**Information shown**.
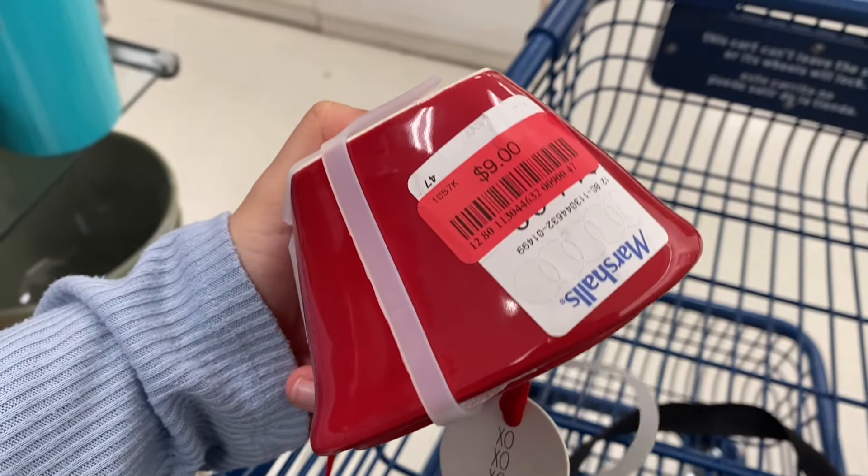They had this My Melody mug for $9.99 — I thought it was so pretty and would have gotten it, but the opening is a weird shape and I don't feel like I could drink coffee comfortably out of it. They also had some of the other Hello Kitty characters, also priced at $9.99.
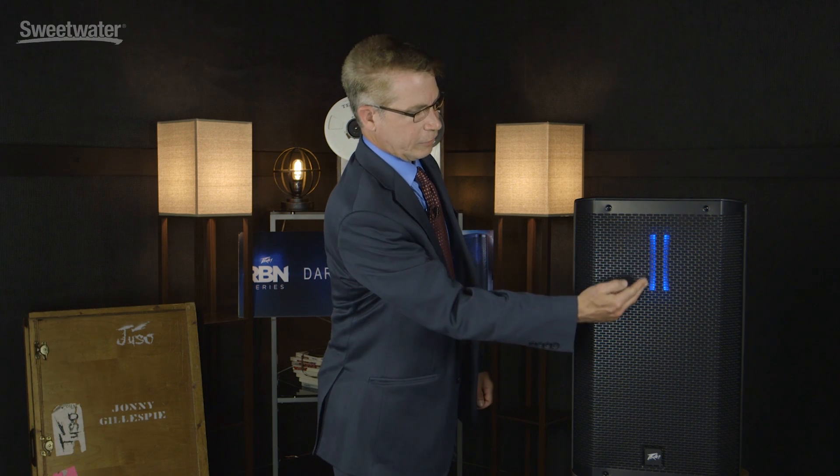The RBN 112 has a unique aspect in the powered speaker market in that it utilizes a ribbon driver. As you can see in the cabinet itself, we've backlit the ribbon just so you can showcase what is special about this product. You could turn that off certainly during use, but it's something to let you know there's a difference in this cabinet.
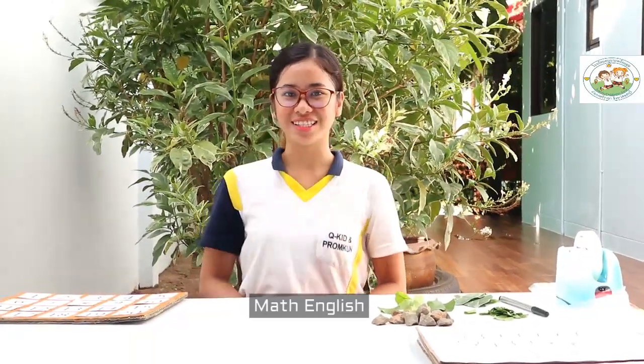Hello, kids! This is Teacher Via from Kindergarten 3, Daisy Room. Before we proceed to our lesson for today, we are going to sing a song first. Are you ready? Okay, let's start!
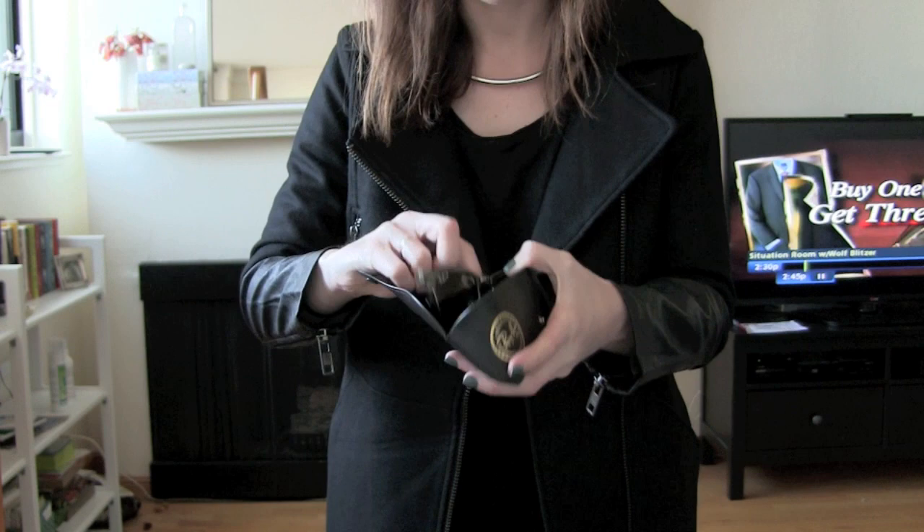Hey YouTube! Time for an outfit of the day video and I gotta make it really quick because I'm running out the door. Purse — Topshop leather purse.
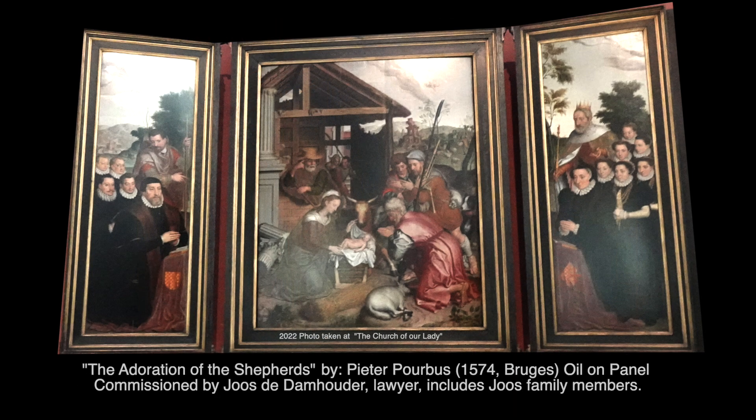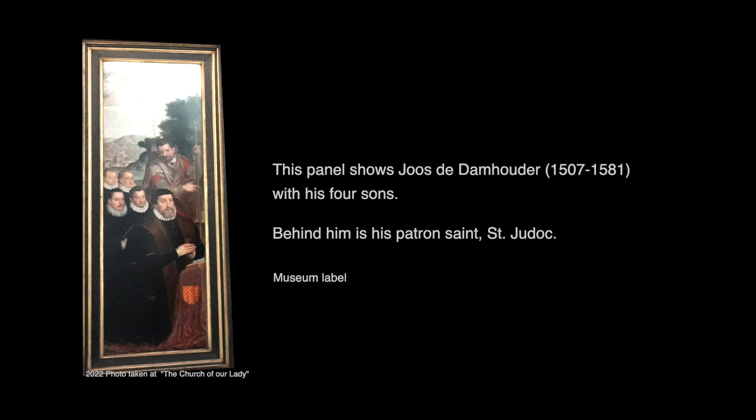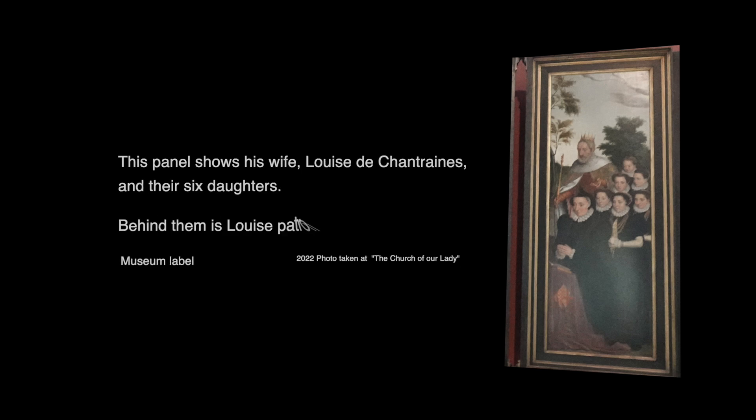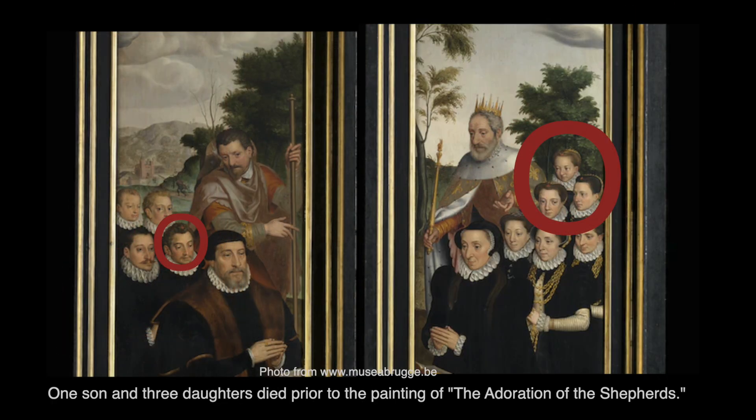This painting is a triptych: The Adoration of the Shepherds by Peter Porbus, 1574 Bruges, oil on panel. This triptych was commissioned by Jos de Damhauder, a lawyer from Bruges. He is depicted on the left panel together with his four sons; his patron saint, St. Judak, is standing behind them. The right panel shows his wife, Louise de Chantraines, and their six daughters, along with her patron saint, St. Louis. Some of the children have a red cross on their forehead — they had already died by the time Porbus painted them. In the close-up, one son and three daughters have the red cross on the top of their heads, indicating they had passed away before this painting was commissioned.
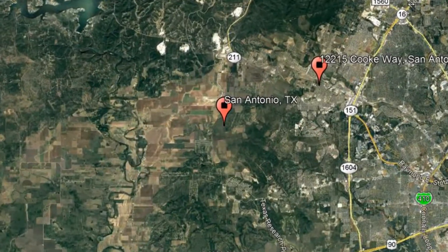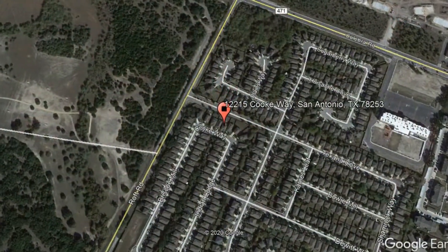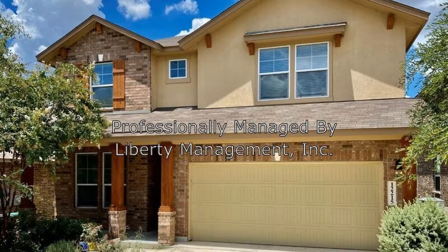Here are photos of an available rental property. Make it yours today. 12215 Cook Way, San Antonio, Texas. Prepare to be impressed with this spacious 4-bedroom, 3004-square-foot house.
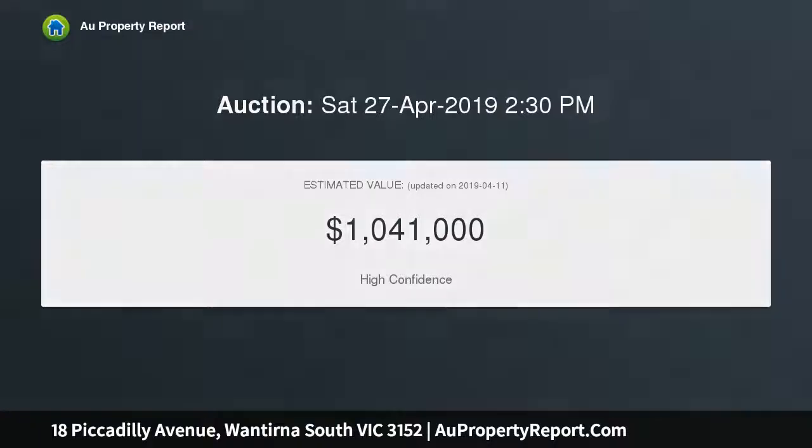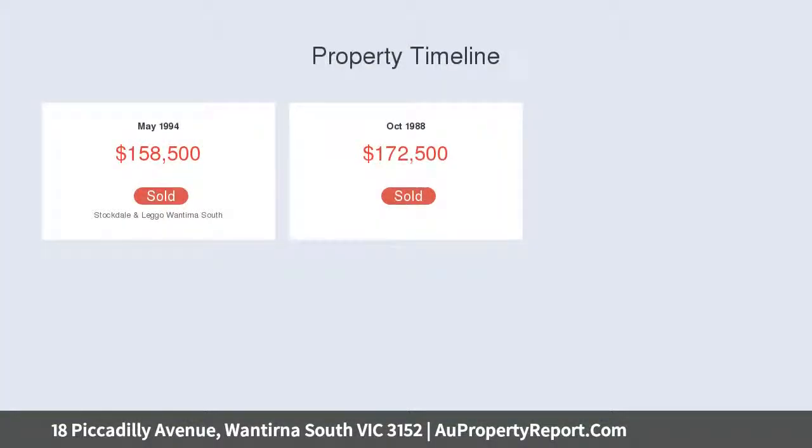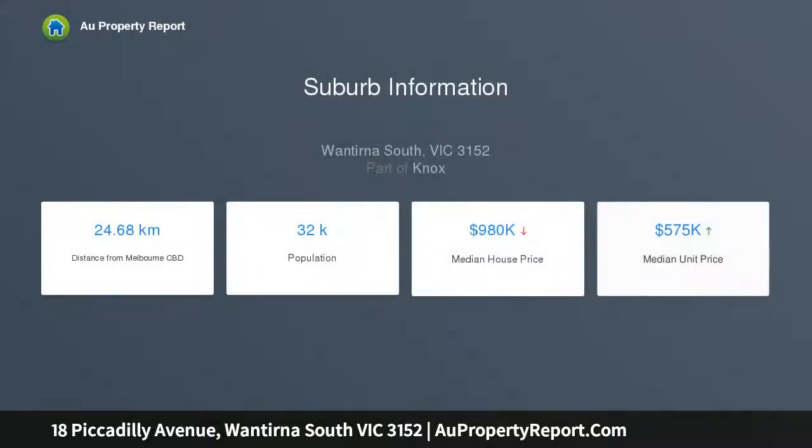Tucked well back on this quiet street, this home makes an appealing first impression with its courtyard-style entry, double garage, and ample off-street parking. The interior features updated carpet and floor-to-ceiling windows, providing a flexible floor plan perfect for families.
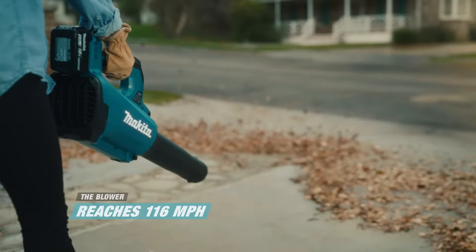Reach speeds of 116 miles per hour with the blower. One system, endless possibilities. Now get two extra free batteries.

**What needs to be done**. Beginning with the line holding "The RBN 112", copy each line exactly through the end of the records above, and leave every picture out.

**Output below**.
The RBN 112 has a unique aspect in the powered speaker market in that it utilizes a ribbon driver. As you can see in the cabinet itself, we've backlit the ribbon just so you can showcase what is special about this product. You could turn that off certainly during use, but it's something to let you know there's a difference in this cabinet.
Hello, kids! This is Teacher Via from Kindergarten 3, Daisy Room. Before we proceed to our lesson for today, we are going to sing a song first. Are you ready? Okay, let's start!
Hey YouTube! Time for an outfit of the day video and I gotta make it really quick because I'm running out the door. Purse — Topshop leather purse.
This painting is a triptych: The Adoration of the Shepherds by Peter Porbus, 1574 Bruges, oil on panel. This triptych was commissioned by Jos de Damhauder, a lawyer from Bruges. He is depicted on the left panel together with his four sons; his patron saint, St. Judak, is standing behind them. The right panel shows his wife, Louise de Chantraines, and their six daughters, along with her patron saint, St. Louis. Some of the children have a red cross on their forehead — they had already died by the time Porbus painted them. In the close-up, one son and three daughters have the red cross on the top of their heads, indicating they had passed away before this painting was commissioned.
Here are photos of an available rental property. Make it yours today. 12215 Cook Way, San Antonio, Texas. Prepare to be impressed with this spacious 4-bedroom, 3004-square-foot house.
Tucked well back on this quiet street, this home makes an appealing first impression with its courtyard-style entry, double garage, and ample off-street parking. The interior features updated carpet and floor-to-ceiling windows, providing a flexible floor plan perfect for families.
Reach speeds of 116 miles per hour with the blower. One system, endless possibilities. Now get two extra free batteries.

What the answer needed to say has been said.